Hamlet, Act I, Scene V

As difficult as it may be for all the members of the Utah Legislature to grasp, the fact is that there are a great many smart, industrious people in this state who are neither Republicans nor Democrats.

One way for the state to tap more of that independent brain power would be for Gov. Gary Herbert to veto a bill recently passed by the Legislature, the one that has been rightly portrayed as an effort to stack state boards and commissions with more Republicans than the law now allows.

The Republican supermajority, of course, steamrolled the Democrats on their way to passing House Bill 11. But it's not just the Democrats who deserve to be offended.

Now, various chapters of the Utah Code set out the membership requirements of state bodies as obscure as the Livestock Market Committee and Health Data Committee and as prominent as the Alcoholic Beverage Control Commission and the Board of Water Resources. Among the many rules is a requirement that a maximum number of the members of each board (four out of six, say, or five out of seven) can be registered members of the same political party.

Arguing that such limits have made it difficult for the governor to recruit qualified members for those bodies, both houses of the Legislature voted not only to remove those ceilings, but also to prohibit the governor from asking, or thinking about, party membership when making his choices.

Beyond the absurdity of pretending the power to cloud the governor's mind, the bill and the debate surrounding it have missed an important point.

Yes, Republicans dominate the Legislature, the statewide offices, the congressional delegation. Yes, across the state, registered Republicans outnumber registered Democrats by a staggering amount — 715,000 to 175,000.

But there is a huge pool of folks who are not members of either political party.

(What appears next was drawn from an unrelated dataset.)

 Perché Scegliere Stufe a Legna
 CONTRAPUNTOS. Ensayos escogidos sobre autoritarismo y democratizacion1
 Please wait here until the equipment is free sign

The state Elections Office puts the number of unaffiliated voters at a tick shy of 600,000.

Add in folks registered as members of the Constitution, Libertarian and Independent American parties, and you are upwards of 641,000 people of voting age who are not Republicans (or Democrats) who could be appointed to the different bodies without any change in the current law.

More unaffiliated members would likely bring more independent thinking to those positions, rather than making each of them yet another skirmish in the partisan war.

Herbert should resent the implication that he is not capable of mining that large pool of citizens to fill posts on the affected bodies, and he should veto HB11.